==== Records to use ====
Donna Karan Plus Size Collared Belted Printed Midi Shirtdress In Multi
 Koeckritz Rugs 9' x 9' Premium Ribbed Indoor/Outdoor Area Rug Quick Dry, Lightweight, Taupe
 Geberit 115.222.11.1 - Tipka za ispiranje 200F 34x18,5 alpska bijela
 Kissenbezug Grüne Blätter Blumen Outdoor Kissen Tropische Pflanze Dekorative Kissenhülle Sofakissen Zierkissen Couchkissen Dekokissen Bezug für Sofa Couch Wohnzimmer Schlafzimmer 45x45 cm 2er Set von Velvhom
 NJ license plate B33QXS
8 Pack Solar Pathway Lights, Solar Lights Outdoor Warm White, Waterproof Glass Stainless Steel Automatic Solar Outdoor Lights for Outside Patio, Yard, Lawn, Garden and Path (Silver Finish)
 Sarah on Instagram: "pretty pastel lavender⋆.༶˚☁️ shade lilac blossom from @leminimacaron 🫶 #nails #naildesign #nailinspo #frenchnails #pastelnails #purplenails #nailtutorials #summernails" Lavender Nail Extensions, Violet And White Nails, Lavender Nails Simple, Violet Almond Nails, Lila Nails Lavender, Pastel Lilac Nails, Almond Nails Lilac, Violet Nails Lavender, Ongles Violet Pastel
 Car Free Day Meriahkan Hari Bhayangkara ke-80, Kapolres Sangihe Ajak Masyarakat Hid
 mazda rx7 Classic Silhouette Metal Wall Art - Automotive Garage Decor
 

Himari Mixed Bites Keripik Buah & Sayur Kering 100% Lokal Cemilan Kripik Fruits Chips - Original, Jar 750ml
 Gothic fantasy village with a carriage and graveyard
====
Description of the task – Word for word, restate the lines above.

Result of this task –
Donna Karan Plus Size Collared Belted Printed Midi Shirtdress In Multi
 Koeckritz Rugs 9' x 9' Premium Ribbed Indoor/Outdoor Area Rug Quick Dry, Lightweight, Taupe
 Geberit 115.222.11.1 - Tipka za ispiranje 200F 34x18,5 alpska bijela
 Kissenbezug Grüne Blätter Blumen Outdoor Kissen Tropische Pflanze Dekorative Kissenhülle Sofakissen Zierkissen Couchkissen Dekokissen Bezug für Sofa Couch Wohnzimmer Schlafzimmer 45x45 cm 2er Set von Velvhom
 NJ license plate B33QXS
8 Pack Solar Pathway Lights, Solar Lights Outdoor Warm White, Waterproof Glass Stainless Steel Automatic Solar Outdoor Lights for Outside Patio, Yard, Lawn, Garden and Path (Silver Finish)
 Sarah on Instagram: "pretty pastel lavender⋆.༶˚☁️ shade lilac blossom from @leminimacaron 🫶 #nails #naildesign #nailinspo #frenchnails #pastelnails #purplenails #nailtutorials #summernails" Lavender Nail Extensions, Violet And White Nails, Lavender Nails Simple, Violet Almond Nails, Lila Nails Lavender, Pastel Lilac Nails, Almond Nails Lilac, Violet Nails Lavender, Ongles Violet Pastel
 Car Free Day Meriahkan Hari Bhayangkara ke-80, Kapolres Sangihe Ajak Masyarakat Hid
 mazda rx7 Classic Silhouette Metal Wall Art - Automotive Garage Decor
 

Himari Mixed Bites Keripik Buah & Sayur Kering 100% Lokal Cemilan Kripik Fruits Chips - Original, Jar 750ml
 Gothic fantasy village with a carriage and graveyard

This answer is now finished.